Coaching is a great way to develop skills and abilities of people in the workplace and has a number of associated benefits, including increased knowledge, performance and morale of those who receive it. Used correctly and in a timely manner, coaching employees can also stop major problems by dealing with issues at the root cause beforehand.
In normal circumstances coaching sessions are conversations between the coach and the coachee. These sessions are guided by the coach and are often a learning by discovery experience for the coachee, as they often identify issues or come up with solutions themselves. With this approach, the coach can gain more engagement, as employees get to work on solutions they identified themselves as opposed to directions that are forced on them from superiors.
What Coaching is Not
More and more companies are a turning to coaching programs for employee development and it is now widely believed to be a positive step towards realizing organisational expectations and employee goals. Unfortunately, there are some, although thankfully they are in the minority, who use coaching when it´s too late. Coaching is not something that is done as corrective action after a mistake. Neither, should it be used as a half-hearted, tick the box approach, just to add the experience to the employee´s record. Coaching is a tool that should be used for the mutual benefit of the employee and the organisation.
Often, coaching programs are designed and conducted by external qualified professionals that understand the vision and culture of the organisation. Working from pre-determined development criteria, the coach works with the client organisation to improve performance, effectiveness and morale amongst other things. Coaching programs are most effective when all those involved understand and buy into the reason the coach was hired. Working together towards the same goal, the organisation, coach and coachee, can all realize their expectations.
That said, an organisation doesn´t have to hire a professionally certified external coach. Managers within the organisation who have the appropriate skill set can be equally as effective in people development. However, it´s often very difficult for managers to remove the management hat and replace it with the coaching hat, as typically they are two very different styles. The manager´s style may be controlling and authoritarian, whereas coaching takes more of a questioning approach and encourages the coachee to become a reflective practitioner.
The style of coaching between an external coach and an internal employee / manager will differ, not least because the manager will already have background information on the concerns that surround the need for coaching. However, it is still wise to tread carefully initially, as these situations are often fraught with complexities and there may be hidden issues that the coachee is harbouring.
As a coach in these situations, it´s often best to reserve judgement and concentrate on the task at hand. Sticking to a rigid agenda may have its benefits in meetings and training sessions, however as coaching sessions are very often a journey of learning by discovery, the desired result may be best achieved by creating an atmosphere that allows for more fluid and relaxed conversation.
The Coaching Relationship
The relationship between coach and coachee is based on:
Without the above, nothing moves forward.
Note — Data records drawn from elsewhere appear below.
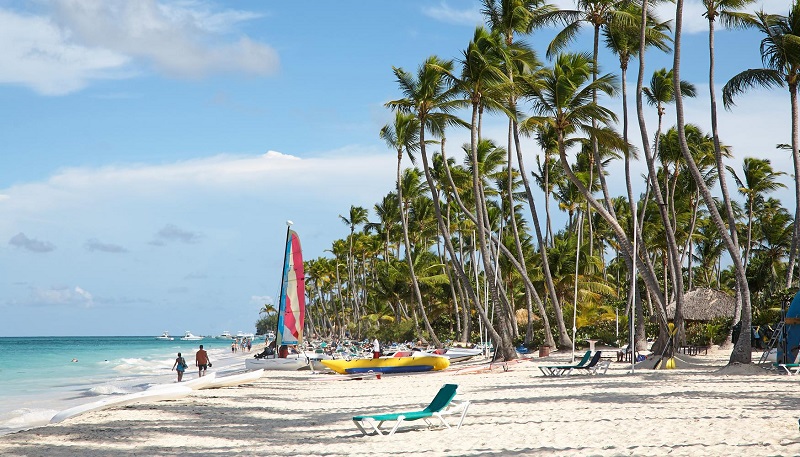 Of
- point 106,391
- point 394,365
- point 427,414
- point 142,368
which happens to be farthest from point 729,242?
point 142,368

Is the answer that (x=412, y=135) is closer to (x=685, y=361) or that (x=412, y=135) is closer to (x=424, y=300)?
(x=685, y=361)

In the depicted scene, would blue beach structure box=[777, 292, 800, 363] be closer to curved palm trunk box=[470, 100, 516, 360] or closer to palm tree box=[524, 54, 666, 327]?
palm tree box=[524, 54, 666, 327]

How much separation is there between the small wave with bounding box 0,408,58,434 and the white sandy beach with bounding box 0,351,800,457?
2329mm

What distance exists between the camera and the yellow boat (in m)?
25.7

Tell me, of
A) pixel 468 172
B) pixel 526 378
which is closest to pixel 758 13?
pixel 526 378

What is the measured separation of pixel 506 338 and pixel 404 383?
19.4ft

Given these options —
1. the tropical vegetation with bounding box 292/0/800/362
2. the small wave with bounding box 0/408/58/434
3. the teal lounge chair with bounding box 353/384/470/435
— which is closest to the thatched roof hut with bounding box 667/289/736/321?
the tropical vegetation with bounding box 292/0/800/362

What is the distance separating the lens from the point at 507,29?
31672 millimetres

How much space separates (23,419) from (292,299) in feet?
30.7

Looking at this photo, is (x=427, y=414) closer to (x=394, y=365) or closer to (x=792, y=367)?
(x=792, y=367)

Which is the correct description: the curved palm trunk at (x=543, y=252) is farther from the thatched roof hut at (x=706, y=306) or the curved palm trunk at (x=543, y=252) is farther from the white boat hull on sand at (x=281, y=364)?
the white boat hull on sand at (x=281, y=364)

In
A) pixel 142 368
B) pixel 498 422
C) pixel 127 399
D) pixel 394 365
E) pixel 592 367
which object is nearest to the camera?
pixel 498 422

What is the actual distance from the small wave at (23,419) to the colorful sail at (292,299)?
757 cm

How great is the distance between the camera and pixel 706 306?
1088 inches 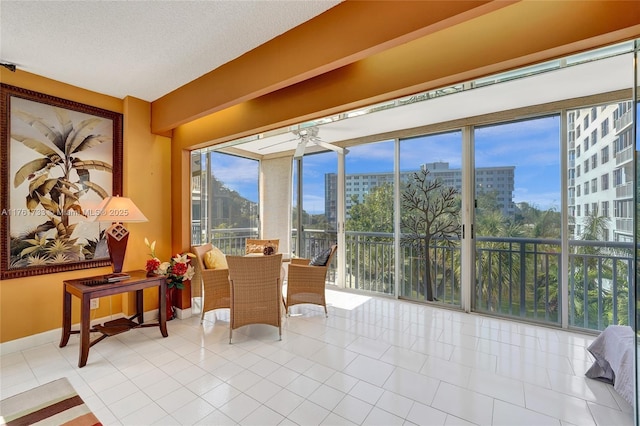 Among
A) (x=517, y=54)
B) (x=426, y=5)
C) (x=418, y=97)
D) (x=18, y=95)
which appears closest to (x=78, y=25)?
(x=18, y=95)

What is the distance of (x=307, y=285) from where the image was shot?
351cm

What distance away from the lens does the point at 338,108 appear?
2.40 m

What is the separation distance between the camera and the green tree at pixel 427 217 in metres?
3.82

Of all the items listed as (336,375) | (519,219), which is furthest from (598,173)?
(336,375)

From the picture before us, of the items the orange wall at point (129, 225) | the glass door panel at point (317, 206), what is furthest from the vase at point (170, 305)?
the glass door panel at point (317, 206)

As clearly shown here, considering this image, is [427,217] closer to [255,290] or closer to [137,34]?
[255,290]

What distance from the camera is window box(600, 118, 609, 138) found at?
112 inches

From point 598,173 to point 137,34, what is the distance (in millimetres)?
4395

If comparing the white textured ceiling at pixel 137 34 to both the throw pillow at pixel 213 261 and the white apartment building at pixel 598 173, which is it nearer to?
the throw pillow at pixel 213 261

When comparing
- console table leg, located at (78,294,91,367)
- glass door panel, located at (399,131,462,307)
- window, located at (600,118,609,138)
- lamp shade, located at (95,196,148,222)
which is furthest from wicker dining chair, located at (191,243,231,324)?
window, located at (600,118,609,138)

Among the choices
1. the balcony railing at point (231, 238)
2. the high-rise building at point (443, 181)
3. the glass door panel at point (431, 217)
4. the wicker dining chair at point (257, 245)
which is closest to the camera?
the high-rise building at point (443, 181)

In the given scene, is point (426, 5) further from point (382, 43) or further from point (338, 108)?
point (338, 108)

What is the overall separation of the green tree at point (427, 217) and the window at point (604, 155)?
1402 millimetres

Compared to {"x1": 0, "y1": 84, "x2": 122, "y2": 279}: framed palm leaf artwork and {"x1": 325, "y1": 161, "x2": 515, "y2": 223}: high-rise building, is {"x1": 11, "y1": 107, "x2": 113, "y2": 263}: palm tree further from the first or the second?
{"x1": 325, "y1": 161, "x2": 515, "y2": 223}: high-rise building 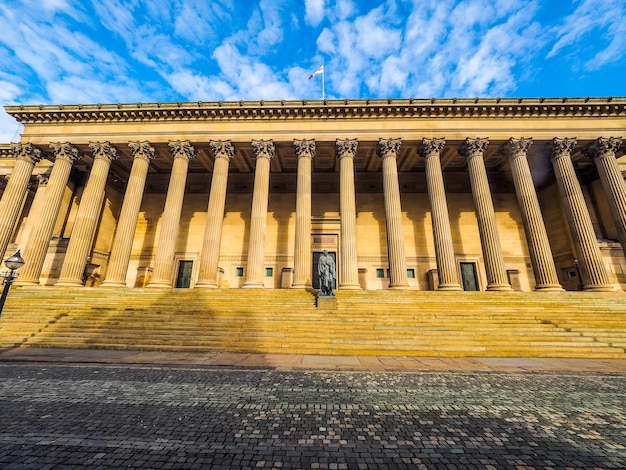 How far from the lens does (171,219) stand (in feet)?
58.6

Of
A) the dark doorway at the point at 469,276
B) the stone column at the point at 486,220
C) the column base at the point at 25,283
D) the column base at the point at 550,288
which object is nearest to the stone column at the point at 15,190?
the column base at the point at 25,283

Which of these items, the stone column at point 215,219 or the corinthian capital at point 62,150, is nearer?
the stone column at point 215,219

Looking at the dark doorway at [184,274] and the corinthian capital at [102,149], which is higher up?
the corinthian capital at [102,149]


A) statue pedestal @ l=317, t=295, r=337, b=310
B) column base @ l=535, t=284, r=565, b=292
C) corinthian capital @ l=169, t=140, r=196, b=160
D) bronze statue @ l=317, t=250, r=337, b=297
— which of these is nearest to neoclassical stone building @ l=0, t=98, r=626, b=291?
column base @ l=535, t=284, r=565, b=292

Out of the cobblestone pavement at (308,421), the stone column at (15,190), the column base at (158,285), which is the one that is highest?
the stone column at (15,190)

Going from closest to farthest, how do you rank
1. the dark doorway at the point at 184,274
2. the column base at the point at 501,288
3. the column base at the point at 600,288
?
1. the column base at the point at 600,288
2. the column base at the point at 501,288
3. the dark doorway at the point at 184,274

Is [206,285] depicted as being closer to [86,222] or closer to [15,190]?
[86,222]

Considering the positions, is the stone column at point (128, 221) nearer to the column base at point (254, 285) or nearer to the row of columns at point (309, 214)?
the row of columns at point (309, 214)

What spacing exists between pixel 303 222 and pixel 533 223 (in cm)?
1383

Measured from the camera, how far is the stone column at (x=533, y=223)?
15.8m

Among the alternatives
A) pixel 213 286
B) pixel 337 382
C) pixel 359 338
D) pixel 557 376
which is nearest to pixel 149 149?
pixel 213 286

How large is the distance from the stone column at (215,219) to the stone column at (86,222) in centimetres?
718

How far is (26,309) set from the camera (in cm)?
1291

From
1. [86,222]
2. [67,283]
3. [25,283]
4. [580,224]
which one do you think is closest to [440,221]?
[580,224] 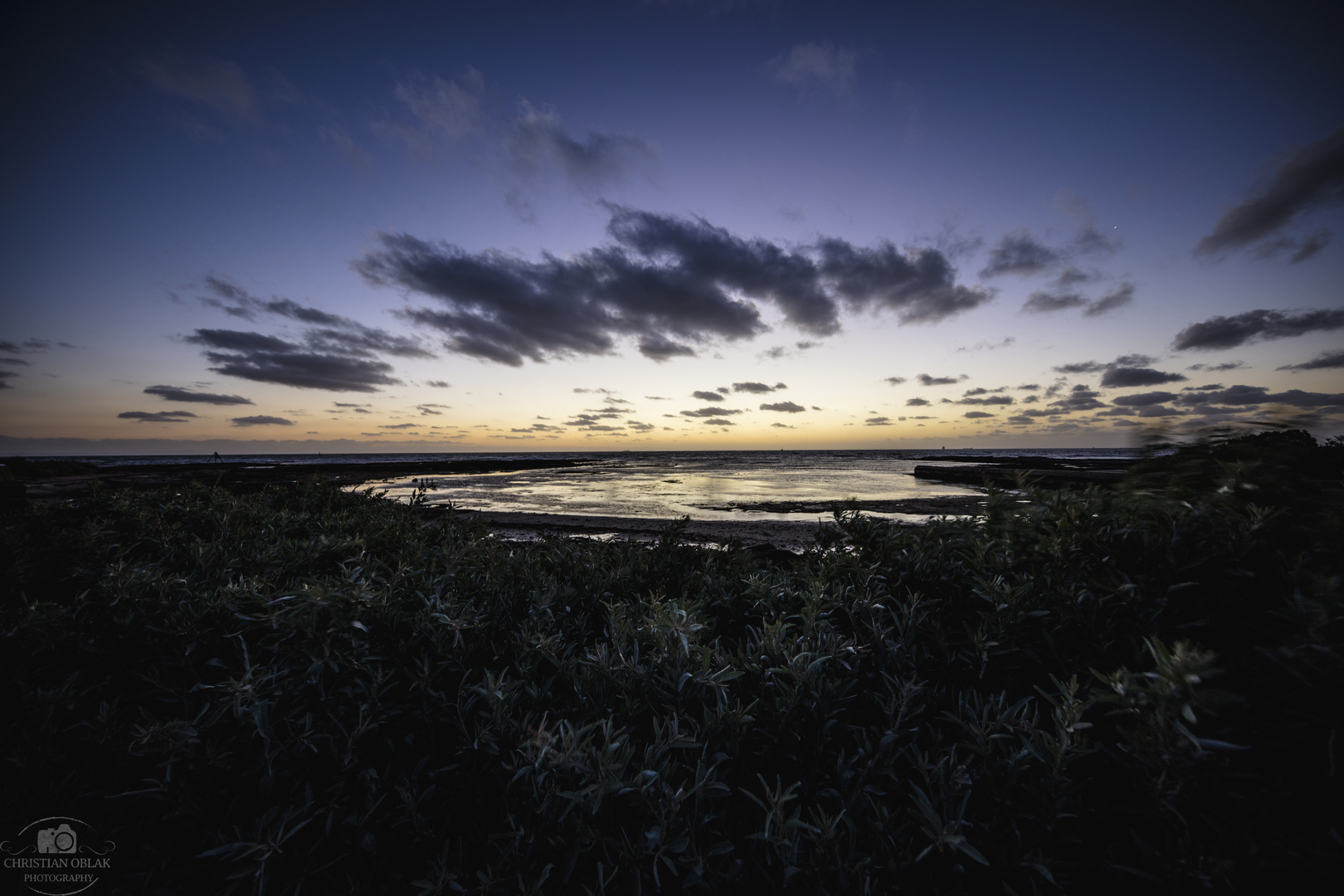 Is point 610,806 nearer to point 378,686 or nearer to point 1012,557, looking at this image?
point 378,686

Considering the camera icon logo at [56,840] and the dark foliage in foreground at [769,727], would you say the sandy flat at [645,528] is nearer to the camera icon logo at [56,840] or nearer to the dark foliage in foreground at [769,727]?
the dark foliage in foreground at [769,727]

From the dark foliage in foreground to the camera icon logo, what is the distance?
0.05m

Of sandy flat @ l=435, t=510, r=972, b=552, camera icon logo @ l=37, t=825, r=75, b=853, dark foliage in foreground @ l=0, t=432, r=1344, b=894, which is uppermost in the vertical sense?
dark foliage in foreground @ l=0, t=432, r=1344, b=894

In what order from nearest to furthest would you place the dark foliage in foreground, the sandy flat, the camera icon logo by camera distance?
the dark foliage in foreground
the camera icon logo
the sandy flat

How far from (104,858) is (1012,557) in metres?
3.68

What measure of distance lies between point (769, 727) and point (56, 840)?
8.26ft

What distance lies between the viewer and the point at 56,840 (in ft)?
5.42

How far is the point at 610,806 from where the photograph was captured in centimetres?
149

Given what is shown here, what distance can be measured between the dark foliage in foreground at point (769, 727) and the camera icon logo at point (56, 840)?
0.18ft

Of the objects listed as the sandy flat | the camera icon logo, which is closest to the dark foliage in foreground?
the camera icon logo

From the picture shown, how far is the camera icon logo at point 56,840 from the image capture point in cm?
161

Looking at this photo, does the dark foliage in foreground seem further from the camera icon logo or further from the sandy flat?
the sandy flat

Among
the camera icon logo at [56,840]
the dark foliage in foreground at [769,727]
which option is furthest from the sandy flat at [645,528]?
the camera icon logo at [56,840]

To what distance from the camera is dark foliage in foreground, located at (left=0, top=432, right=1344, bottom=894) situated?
1.34 metres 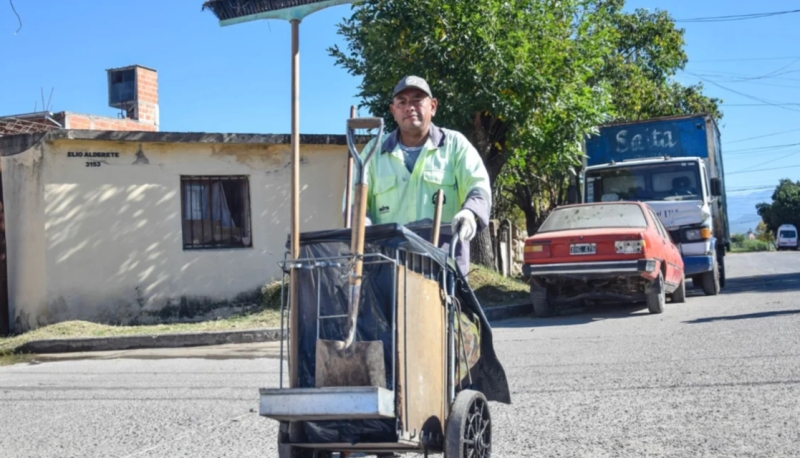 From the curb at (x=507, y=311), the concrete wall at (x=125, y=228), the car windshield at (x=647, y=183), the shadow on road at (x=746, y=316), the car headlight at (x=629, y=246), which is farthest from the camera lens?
the car windshield at (x=647, y=183)

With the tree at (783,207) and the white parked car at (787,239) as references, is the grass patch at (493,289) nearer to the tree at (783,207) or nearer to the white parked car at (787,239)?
the white parked car at (787,239)

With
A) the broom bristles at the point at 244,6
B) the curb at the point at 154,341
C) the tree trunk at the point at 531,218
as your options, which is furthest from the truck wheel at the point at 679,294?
the tree trunk at the point at 531,218

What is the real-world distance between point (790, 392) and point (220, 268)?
408 inches

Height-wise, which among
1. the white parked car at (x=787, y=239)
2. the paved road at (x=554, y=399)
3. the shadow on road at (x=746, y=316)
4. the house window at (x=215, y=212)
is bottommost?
the paved road at (x=554, y=399)

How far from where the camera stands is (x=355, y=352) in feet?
11.6

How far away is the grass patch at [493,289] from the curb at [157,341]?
377 centimetres

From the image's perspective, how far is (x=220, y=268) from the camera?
583 inches

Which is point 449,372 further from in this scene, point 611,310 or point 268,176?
point 268,176

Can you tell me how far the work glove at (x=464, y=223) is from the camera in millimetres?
4012

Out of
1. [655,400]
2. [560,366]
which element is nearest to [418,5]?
[560,366]

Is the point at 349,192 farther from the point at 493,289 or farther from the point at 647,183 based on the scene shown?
the point at 647,183

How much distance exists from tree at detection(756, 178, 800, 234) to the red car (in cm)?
7612

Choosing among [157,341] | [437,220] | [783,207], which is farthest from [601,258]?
[783,207]

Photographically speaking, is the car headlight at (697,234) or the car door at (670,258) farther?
the car headlight at (697,234) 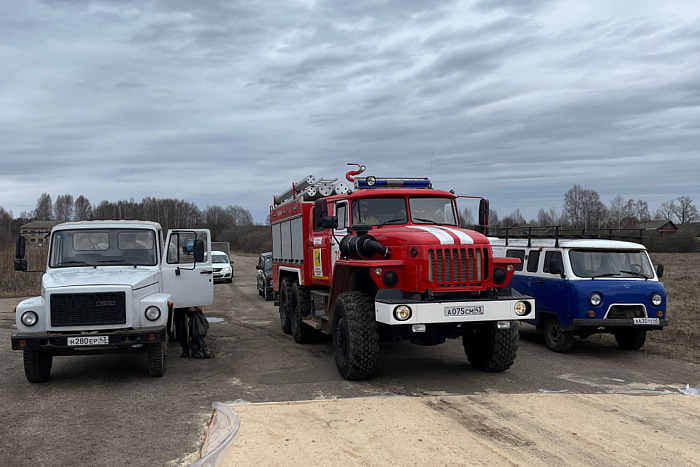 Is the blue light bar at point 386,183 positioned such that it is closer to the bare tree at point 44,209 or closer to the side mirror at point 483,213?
the side mirror at point 483,213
There needs to be complete mutual respect and trust between both parties before any development can take place.
Questions That Coaching Can Help With
- How can I improve my time management?
- What should I my next move be in my organization?
- How can I reduce my stress levels at work?
- How can I achieve a better work / home life balance?
- What skills do I need for my personal development?
- How can I improve my relationship with a difficult colleague?
As a coach, you may not be a qualified therapist, counsellor or consultant but you may find yourself using some similar skills. Listening to the coachee is an important part of the program. As we mentioned earlier, it is the coachee who often has the answers and solutions. The role of the coach is to help the coachee discover them. With that, conversations between the coach and coachee can often run a little deeper as the coachee unloads problems of a personal nature or work-based grudges. It is vital that these conversations remain confidential. That is of course unless the information contains illegal practices, potential damage to the organisation or is likely to affect the safety of people.